Join me on Facebook!



The Narcissist’s Child has a private Facebook group. You can join by sending me an email stating you wish to join. Please also include a little background about yourself and why you would like to join the group.

While I will do my best to prevent narcissists and flying monkeys from getting into the group, no screening process is perfect and some may slip past my radar. If someone is behaving offensively, please bring it to my attention immediately and I will take care of it.

The goal of the group is to provide a safe place for readers of this blog to congregate, meet each other, tell their stories, and provide support to each other. I will use the group as a place to notify you of new posts on the blog and you may use the group as a place to discuss, expand upon, or ask questions about the posts, as well as chat to each other about relevant issues.

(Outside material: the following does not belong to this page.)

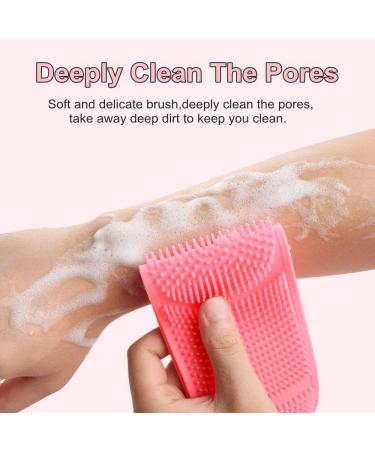 Silicone Back Scrubber for Shower and Bath - Exfoliating Skin Body Scrubber with Soft Brush Bristles and Massage Dots - Pink - Buy Online on GoSupps.com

The group is actually for you, but I will monitor it to make sure balance and order are kept. The group is secret, which means the only way another person will know you have joined the group is if they are standing behind you and reading over your shoulder or they have your Facebook password and log into your Facebook account.

Please--do not request an invitation if you do not intend to accept the invitation to join the group. If you are having second thoughts, don't make the request in the first place or join anyway and lurk for a while. I try to answer all requests within 24 hours and if you can't follow up your request by accepting the invitation, please don't request one because it is inconsiderate to waste my time with requests that go nowhere.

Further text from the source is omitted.